Should have put a try…catch block around the bit of code that tries to read the config file to handle the exception cleanly lol!

Don’t, that is akin to an anti-vax argument.

Where’s the laughing face emoji when you need it. It was meant in jest.

Technology is great but we have become hugely over reliant on it. Worse, we’ve left all the people with no social skills in charge of it! Every IT department should have a protocol droid like C3PO to translate things from coder/IT bod in to language the rest of us can understand.  (Inset winking emoji here). Now go, roll your hundred sided dice and hope for a +7 to reversing ****!

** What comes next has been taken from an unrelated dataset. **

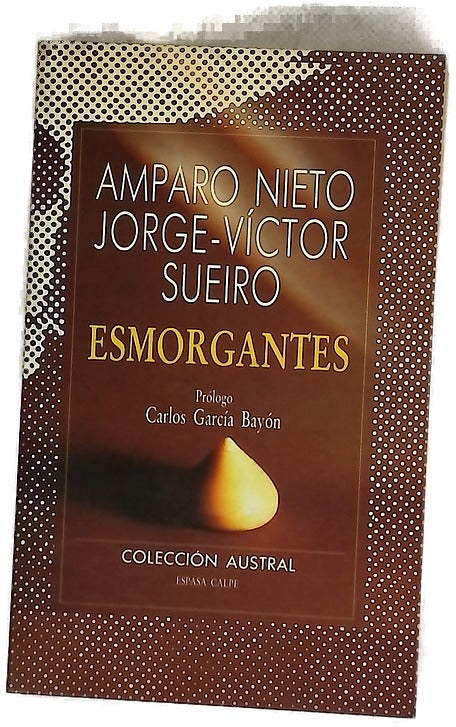 Esmorgantes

it wasn’t a code update signed or otherwise, just a config file update

.

I find it funny that suppliers spew and customers accept this distinction as somehow more excusable

In CrowdStrike parlance it was a “channel file.”  But to report that would be meaningless to most people.  I was wrong earlier about it being a driver update – I’m piecing this together on holiday when I can – but the rest of the post stands, the component which uses the channel file is a system level driver.  Windows stopped procedures because it saw something it didn’t like and couldn’t terminate gracefully because of the level it operates..

Flights grounded,
Trains halted,
Stock exchange not trading,
Sky news off air.
Paxman and his underwear

You’ll be telling us you started a fire next…

Very well done, sir! Highly commended.

At least I’ve still got my source of emojis that works… *smug picachu face*

Does anyone know if TicketMaster is affected? Trying to login and it says Email address not recognised despite it working yesterday..

Got a gig at weekend so need to access the tickets

Ticketmaster are bloody awful, but I always try to save my tickets onto my phone, just in case. If you’ve got your ticket order reference, then, depending on the venue, if you get there early a member of the venue staff should be able to print a copy of the ticket – I had a problem with mine at a Roundhouse gig, and I had paper tickets printed at the desk beforehand.

Where’s the laughing face emoji when you need it. It was meant in jest.

Doh. :-D

I can’t find the article now, but I read earlier that one of the main individuals behind Crowdstrike sold a bunch of shares worth over a million dollars a day or so before this whole mess happened, which has both raised a few eyebrows, and instigated a call for an in-depth investigation. Unsurprisingly. Apparently, the sale was set up some months ago, with a deliberate delay to avoid charges of insider trading, the date it was set to go live unfortunately fell just before this all kicked off.
Still looks iffy, though.

Where’s the laughing face emoji when you need it. It was meant in jest.

Due to technical difficulties, we now have to do manual emojis ¯\_(ツ)_/¯

;-)

:’(

Our Tesla thinks it’s a 30mph speed limit everywhere today until the cameras pick up an actual sign. It’s normally eerily accurate.

End of days I tell thee.

It affects a different version of Windows.

have you tried closing the curtains then opening them again?